## [Information supplied]

* * * * * * *

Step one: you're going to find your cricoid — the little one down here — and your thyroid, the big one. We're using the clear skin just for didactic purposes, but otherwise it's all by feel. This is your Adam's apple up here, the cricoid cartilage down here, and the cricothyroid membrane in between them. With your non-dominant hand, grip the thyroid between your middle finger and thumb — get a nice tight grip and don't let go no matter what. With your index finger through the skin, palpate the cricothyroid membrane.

* * * * * * *

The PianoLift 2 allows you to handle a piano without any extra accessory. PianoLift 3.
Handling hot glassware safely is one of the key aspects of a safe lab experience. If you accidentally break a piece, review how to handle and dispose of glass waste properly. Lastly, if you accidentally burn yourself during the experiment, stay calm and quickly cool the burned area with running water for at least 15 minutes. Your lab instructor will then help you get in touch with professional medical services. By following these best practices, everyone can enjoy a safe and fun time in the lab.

* * * * * * *

A word-for-word copy of the lines above from the one with "The PianoLift 2" through the one with "Handling hot glassware", inclusive, is the only output wanted.

## [Exercise output]
The PianoLift 2 allows you to handle a piano without any extra accessory. PianoLift 3.
Handling hot glassware safely is one of the key aspects of a safe lab experience. If you accidentally break a piece, review how to handle and dispose of glass waste properly. Lastly, if you accidentally burn yourself during the experiment, stay calm and quickly cool the burned area with running water for at least 15 minutes. Your lab instructor will then help you get in touch with professional medical services. By following these best practices, everyone can enjoy a safe and fun time in the lab.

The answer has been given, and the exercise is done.